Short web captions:
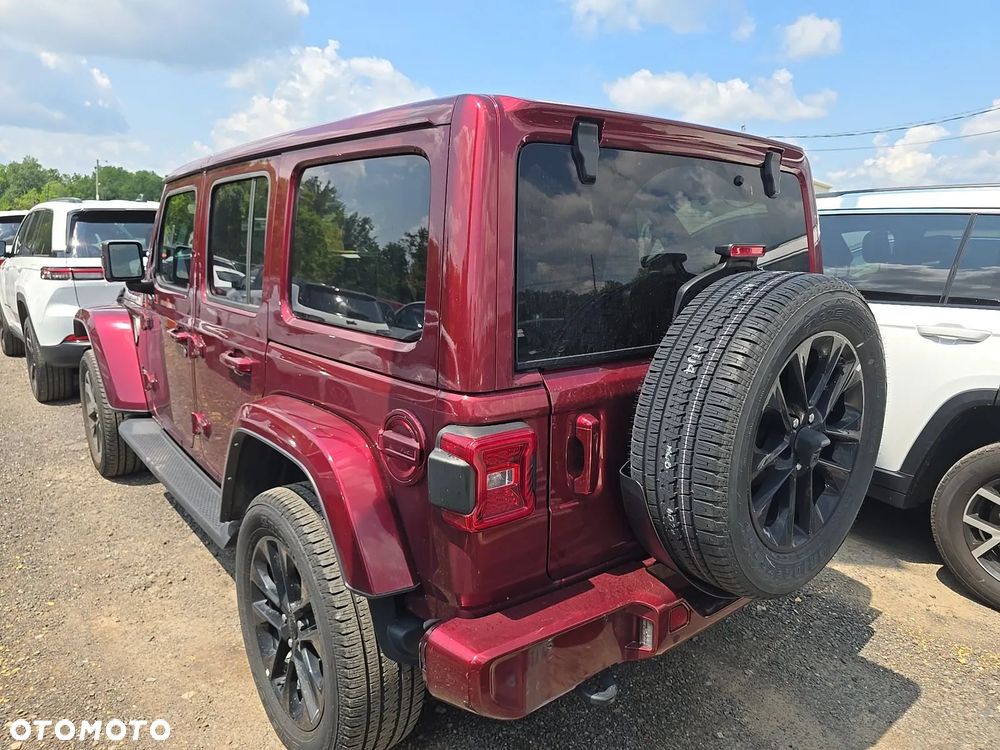 Jeep Wrangler - 4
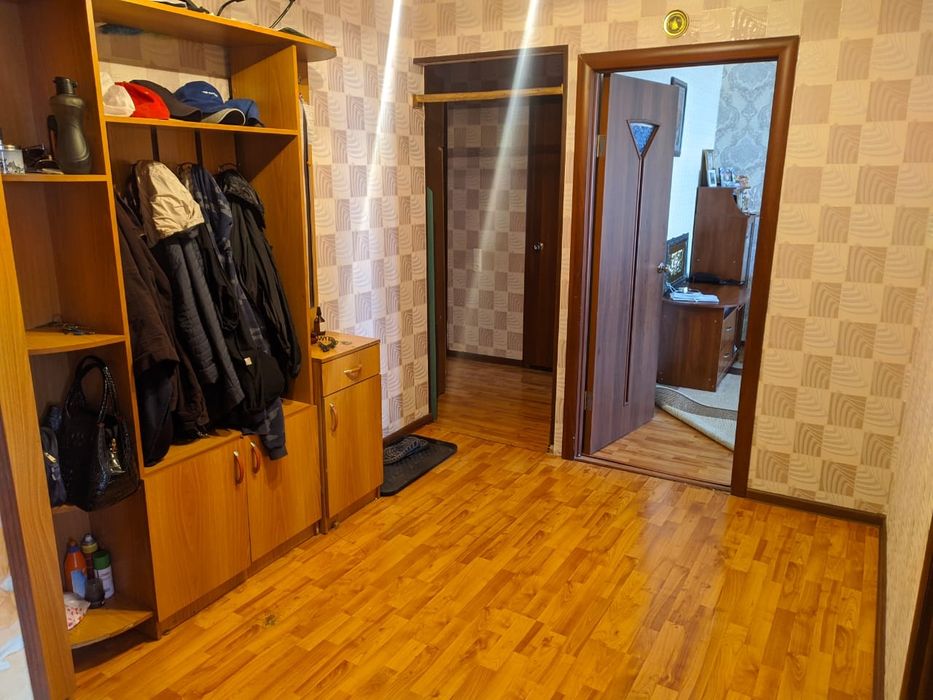 Продам 3 комнатную квартиру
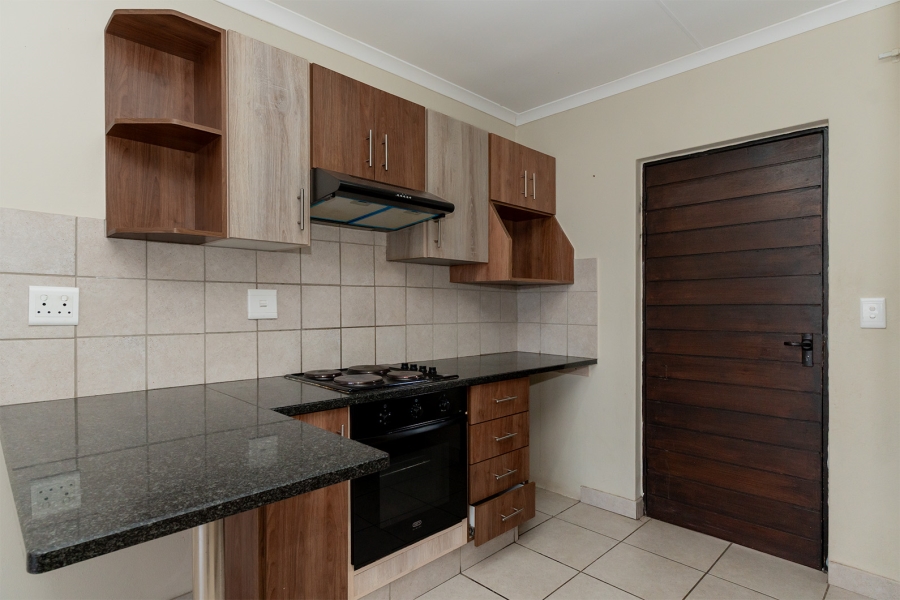 2 Bedroom Property for Sale in Primrose Hill Gauteng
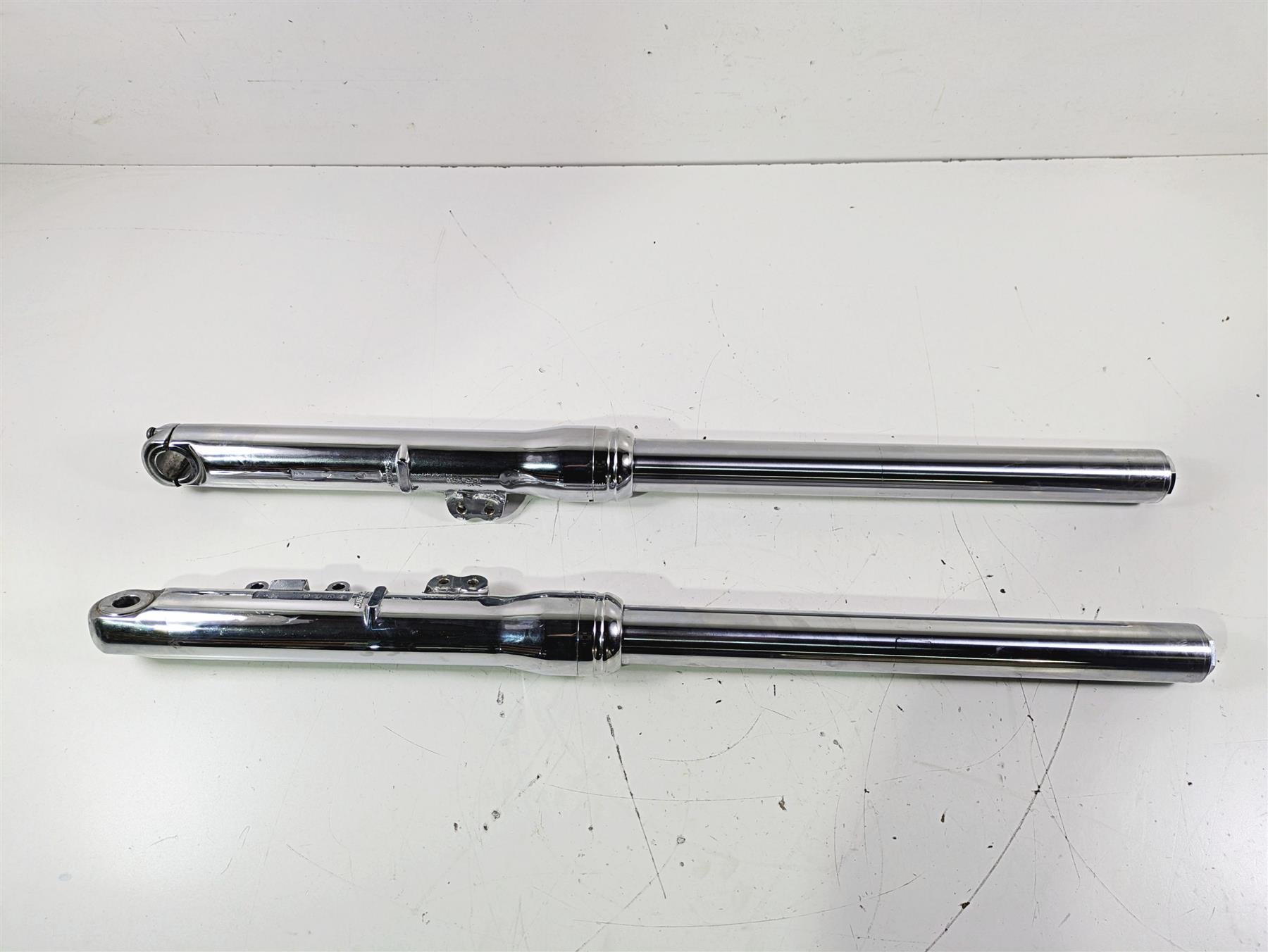 2007 Harley FXDWG Dyna Wide Glide Straight Chrome Front Fork Leg Set 47288-06A {{ shop.shopifyCountryName }} - Mototech271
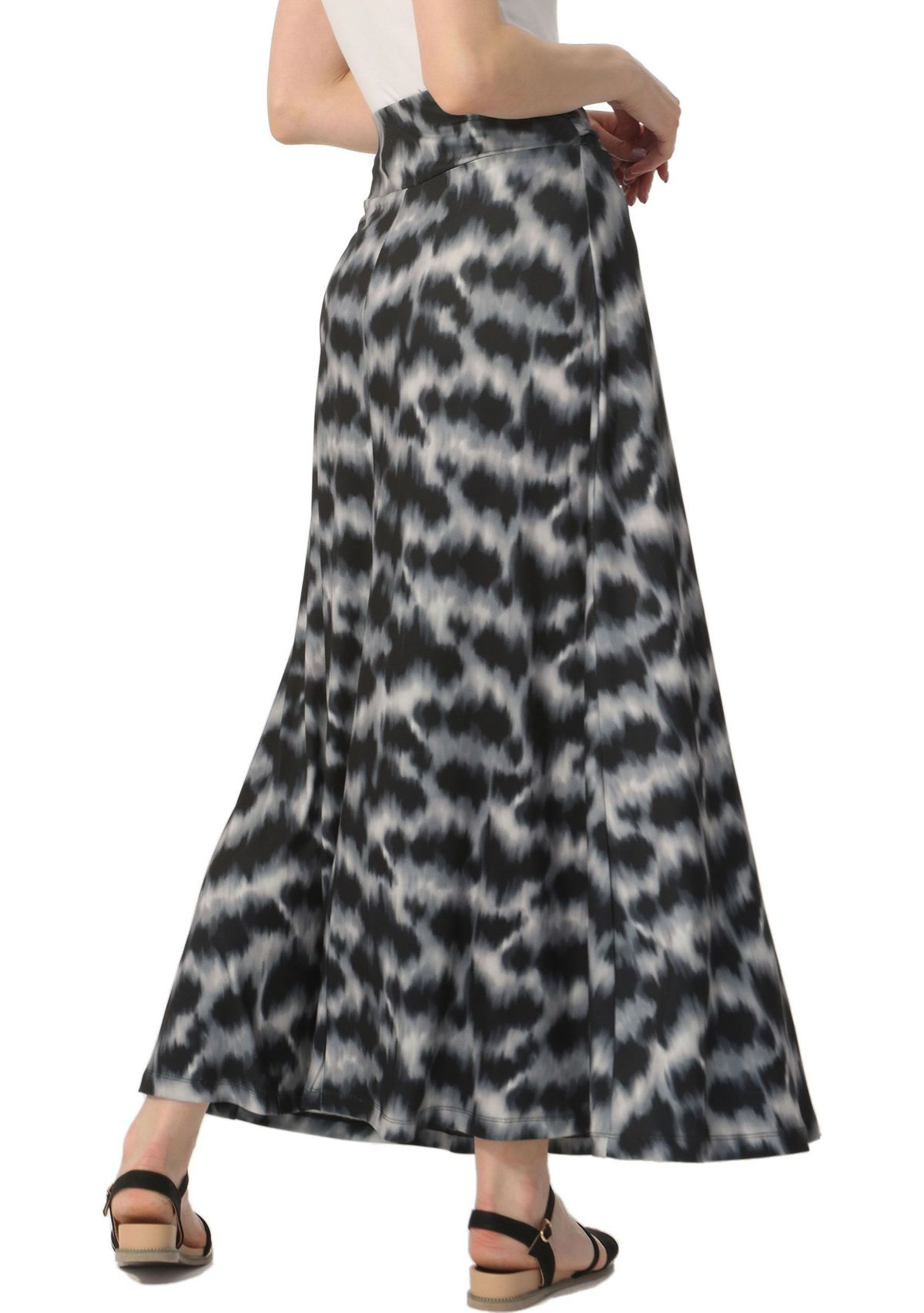 Belted Maxi Skirt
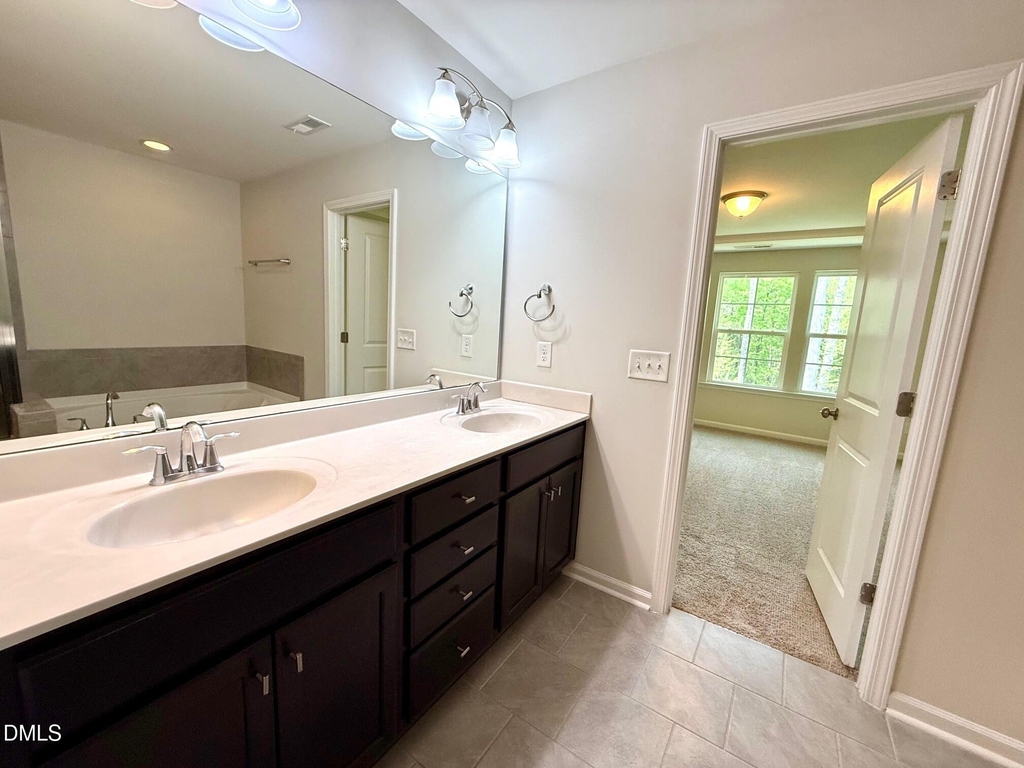 1037 Lakebrink Drive - Photo 35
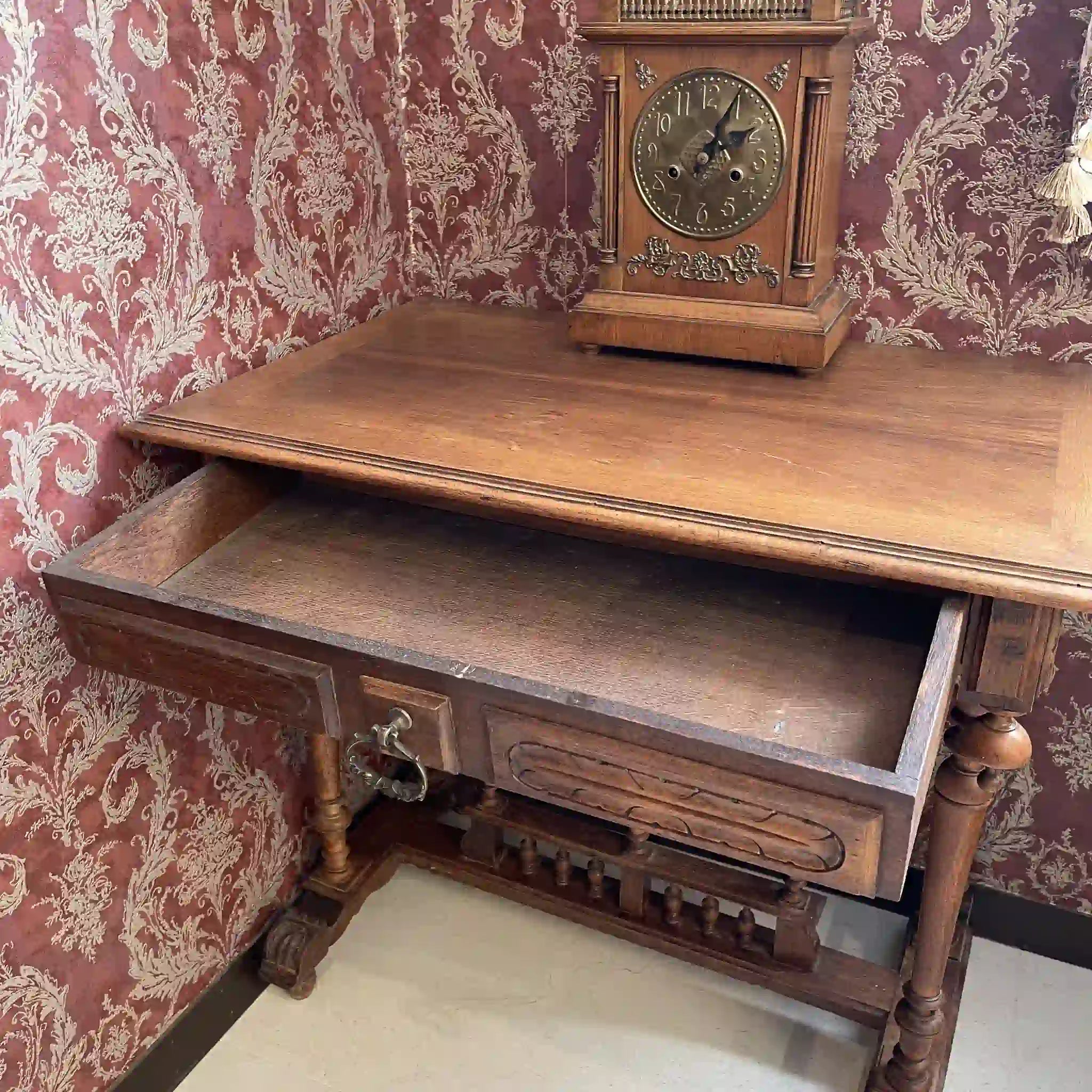 [古董] 古董桌 /
胡桃木/法國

PROBLEM TO SOLVE » Exclude the pictures and repeat the entries word for word.

EXERCISE RESPONSE »
 Jeep Wrangler - 4
 Продам 3 комнатную квартиру
 2 Bedroom Property for Sale in Primrose Hill Gauteng
 2007 Harley FXDWG Dyna Wide Glide Straight Chrome Front Fork Leg Set 47288-06A {{ shop.shopifyCountryName }} - Mototech271
 Belted Maxi Skirt
 1037 Lakebrink Drive - Photo 35
 [古董] 古董桌 /
胡桃木/法國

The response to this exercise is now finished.